La région reste marquée par la bataille de Marawi, en mai 2017, lorsque des centaines de combattants avaient pris le contrôle de quartiers entiers de cette ville majoritairement musulmane, l'une des rares du pays à majorité catholique, au prix d'un lourd tribut civil. "Cette bataille a été un conflit majeur - comparable en ampleur à Mossoul ou Raqqa - mais qui a été peu médiatisé à l'échelle internationale", rappelle Wassim Nasr, journaliste à France 24 et spécialiste des mouvements jihadistes.

Mais cette phase d'expansion appartient largement au passé. "S'il reste actif, ce groupe est aujourd'hui beaucoup plus faible qu'à l'époque. Beaucoup moins d'opérations ont été revendiquées ces dernières années par rapport à la période entre 2015 et 2017." Chassés par l'armée philippine avec le soutien des États-Unis, les groupes jihadistes ont depuis perdu tout contrôle territorial et opèrent de manière fragmentée, souvent repliés dans des zones rurales et forestières.
Une attaque "low-cost" à fort impact
Certains médias australiens, dont la chaîne de télévision publique ABC qui cite des sources sécuritaires, évoquent la possibilité que les suspects de l'attentat aient reçu un entraînement militaire sur place. Une hypothèse à manier avec prudence. "Il est difficile pour des touristes de suivre un entraînement avec des groupes terroristes, en raison de l'isolement géographique et des risques sécuritaires", rappelle Clarke Jones, chercheur à l'Australian National University, auprès du journal britannique The Guardian.
Pour autant, la notion d'entraînement ne renvoie plus nécessairement à des camps structurés. "Un entraînement peut être mobile, de courte durée, notamment en milieu de jungle", nuance Wassim Nasr. "Apprendre à manier une arme ou à fabriquer un engin explosif ne nécessite pas de grandes infrastructures."
Selon le journaliste, l'essentiel de la menace repose aujourd'hui sur des attaques peu sophistiquées, mais faciles à mettre en œuvre à l'instar de la fusillade à Sydney. "Ce type d'attaque ne nécessite ni beaucoup de personnes, ni une logistique importante. Il s'agissait d'une attaque low-cost (à faible coût, NDLR) avec un fort impact psychologique."
Avant d'ajouter : "Les attaques terroristes à grande échelle, planifiées de manière centralisée, comme les attentats du 11-Septembre, ceux de Paris en novembre 2015, ou du Crocus City Hall en Russie en 2024, sont des exceptions historiques."

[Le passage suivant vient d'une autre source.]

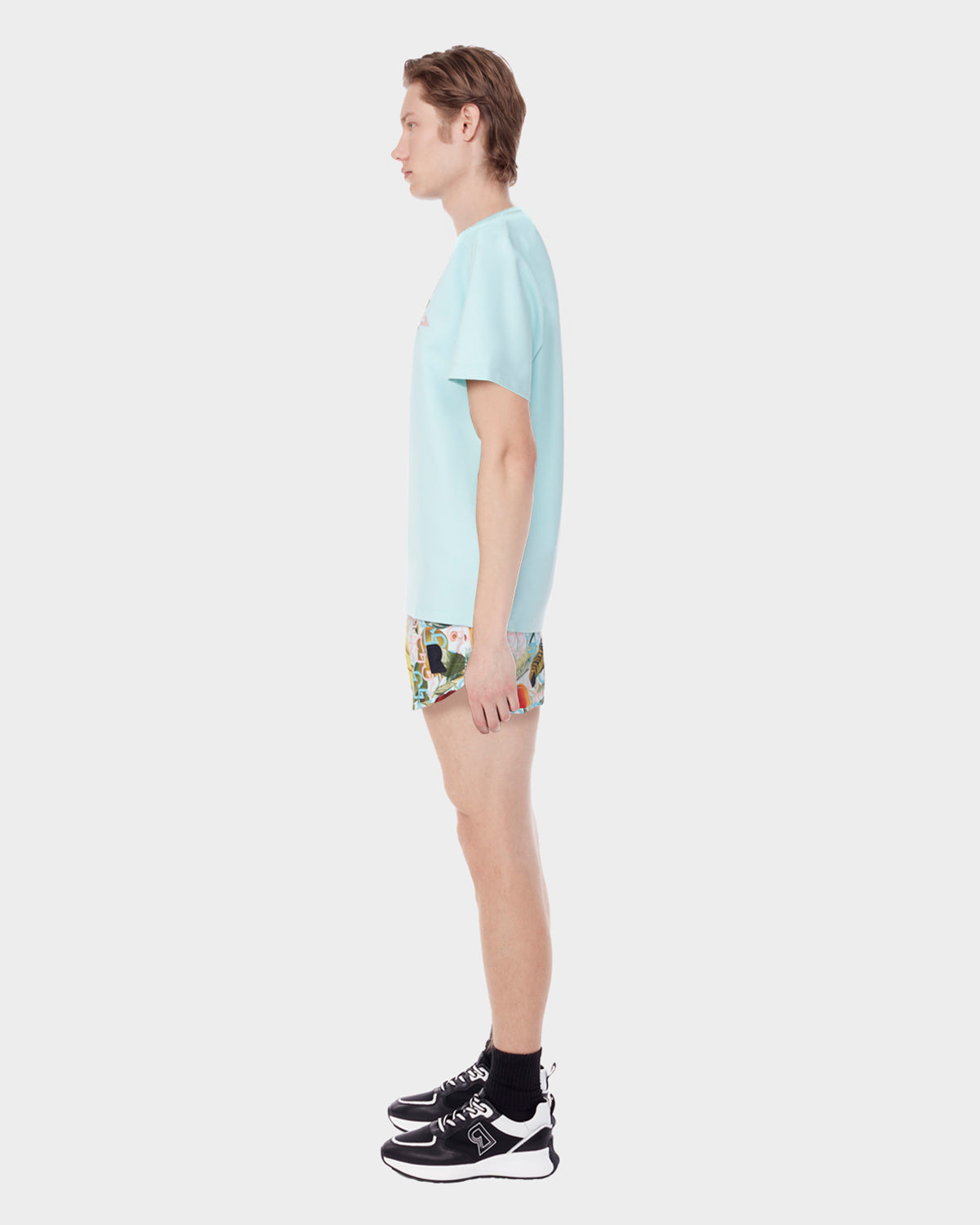 A person stands in profile against a plain white background, wearing the Rudsak DIAR - 9523003 M ICE BLUE t-shirt with a classic cut, colorful patterned shorts, black socks, and black sneakers.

Une réponse à un "appel idéologique"
Dans ce nouveau schéma, l'EI n'agit plus comme un commanditaire opérationnel. "Les attaques sont menées par des individus ou de petites cellules locales, souvent citoyens ou résidents du pays ciblé, qui répondent à des appels idéologiques plutôt qu'à des ordres directs", analyse Wassim Nasr.

L'absence de revendication ne contredit pas ce modèle. "Ce n'est pas inhabituel", rappelle le spécialiste. "Parfois, les groupes revendiquent des attaques avec un certain délai, et parfois ils ne les revendiquent pas du tout. Il est aussi possible que cette attaque n'ait pas été menée par l'État islamique."
D'autant que les appels à viser des communautés juives à travers le monde ne sont pas l'apanage de l'EI, mais circulent plus largement dans la sphère jihadiste, y compris au sein d'Al-Qaïda. "La cible n'était pas l'Australie en tant que telle, mais la communauté juive en Australie. Ce type d'attaque est plus susceptible de se produire dans des pays comme l'Australie ou la Nouvelle-Zélande que dans des endroits comme l'Indonésie ou la Chine", résume Wassim Nasr. "Il s'agissait d'une question d'opportunité."